Your job is to copy every line in the material containing the word "Chevrolet".
═══ EXERCISE MATERIAL
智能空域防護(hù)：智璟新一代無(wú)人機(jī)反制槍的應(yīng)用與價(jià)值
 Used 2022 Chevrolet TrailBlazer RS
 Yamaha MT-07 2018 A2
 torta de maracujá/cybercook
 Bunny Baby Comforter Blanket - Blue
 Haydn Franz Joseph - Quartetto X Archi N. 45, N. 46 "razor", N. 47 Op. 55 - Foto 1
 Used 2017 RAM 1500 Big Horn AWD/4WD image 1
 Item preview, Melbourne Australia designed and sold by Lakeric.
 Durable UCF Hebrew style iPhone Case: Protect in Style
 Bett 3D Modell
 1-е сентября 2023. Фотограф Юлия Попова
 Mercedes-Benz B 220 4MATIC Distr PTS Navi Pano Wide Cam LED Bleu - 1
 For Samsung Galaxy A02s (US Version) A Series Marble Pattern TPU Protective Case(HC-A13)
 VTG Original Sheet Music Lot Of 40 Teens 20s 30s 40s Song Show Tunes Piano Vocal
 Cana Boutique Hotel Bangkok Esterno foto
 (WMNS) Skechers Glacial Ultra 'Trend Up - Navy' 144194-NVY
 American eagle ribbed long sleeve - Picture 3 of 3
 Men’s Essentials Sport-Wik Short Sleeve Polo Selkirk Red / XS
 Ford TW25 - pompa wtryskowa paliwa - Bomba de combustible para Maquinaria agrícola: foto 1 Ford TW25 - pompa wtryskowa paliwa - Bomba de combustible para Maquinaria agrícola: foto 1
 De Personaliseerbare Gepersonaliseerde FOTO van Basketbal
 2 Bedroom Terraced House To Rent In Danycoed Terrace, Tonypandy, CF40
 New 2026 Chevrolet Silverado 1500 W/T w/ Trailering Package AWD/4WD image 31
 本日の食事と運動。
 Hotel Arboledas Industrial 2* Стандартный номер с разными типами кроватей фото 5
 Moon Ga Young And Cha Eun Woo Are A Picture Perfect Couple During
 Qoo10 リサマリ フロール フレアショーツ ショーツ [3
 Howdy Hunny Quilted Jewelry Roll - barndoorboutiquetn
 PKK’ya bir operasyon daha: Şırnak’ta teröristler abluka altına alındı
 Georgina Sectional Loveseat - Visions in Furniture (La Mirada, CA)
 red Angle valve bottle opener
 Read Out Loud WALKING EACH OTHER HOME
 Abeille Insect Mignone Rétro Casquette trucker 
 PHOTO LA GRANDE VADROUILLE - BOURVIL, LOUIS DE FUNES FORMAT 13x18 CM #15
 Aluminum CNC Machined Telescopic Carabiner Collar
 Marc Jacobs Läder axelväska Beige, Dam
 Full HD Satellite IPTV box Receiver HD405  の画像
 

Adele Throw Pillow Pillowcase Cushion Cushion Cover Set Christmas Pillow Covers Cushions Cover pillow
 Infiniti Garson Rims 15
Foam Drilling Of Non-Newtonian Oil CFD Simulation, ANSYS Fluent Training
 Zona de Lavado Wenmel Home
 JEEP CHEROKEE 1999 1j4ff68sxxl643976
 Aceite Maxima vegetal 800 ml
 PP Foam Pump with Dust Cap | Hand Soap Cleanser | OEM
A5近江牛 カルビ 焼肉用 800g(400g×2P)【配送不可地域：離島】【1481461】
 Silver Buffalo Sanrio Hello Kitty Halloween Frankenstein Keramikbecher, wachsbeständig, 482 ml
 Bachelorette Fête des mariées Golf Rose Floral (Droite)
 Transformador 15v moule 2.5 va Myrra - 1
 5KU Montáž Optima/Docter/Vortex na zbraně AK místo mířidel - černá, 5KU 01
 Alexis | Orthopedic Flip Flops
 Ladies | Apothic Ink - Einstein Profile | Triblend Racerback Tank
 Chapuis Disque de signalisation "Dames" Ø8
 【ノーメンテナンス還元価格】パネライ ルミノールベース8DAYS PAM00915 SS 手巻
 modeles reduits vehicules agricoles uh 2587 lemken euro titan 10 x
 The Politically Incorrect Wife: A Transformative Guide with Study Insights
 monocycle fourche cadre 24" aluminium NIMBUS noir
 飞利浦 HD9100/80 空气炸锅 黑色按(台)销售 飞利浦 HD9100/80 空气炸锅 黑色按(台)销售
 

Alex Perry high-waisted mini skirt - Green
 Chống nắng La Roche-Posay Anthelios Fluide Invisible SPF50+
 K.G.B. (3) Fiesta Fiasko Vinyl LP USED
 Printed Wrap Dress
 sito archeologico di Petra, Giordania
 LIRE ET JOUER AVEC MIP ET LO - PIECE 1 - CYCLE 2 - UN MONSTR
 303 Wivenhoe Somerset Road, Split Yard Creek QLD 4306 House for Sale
══════
> _FINISHED TASK_:
 Used 2022 Chevrolet TrailBlazer RS
 New 2026 Chevrolet Silverado 1500 W/T w/ Trailering Package AWD/4WD image 31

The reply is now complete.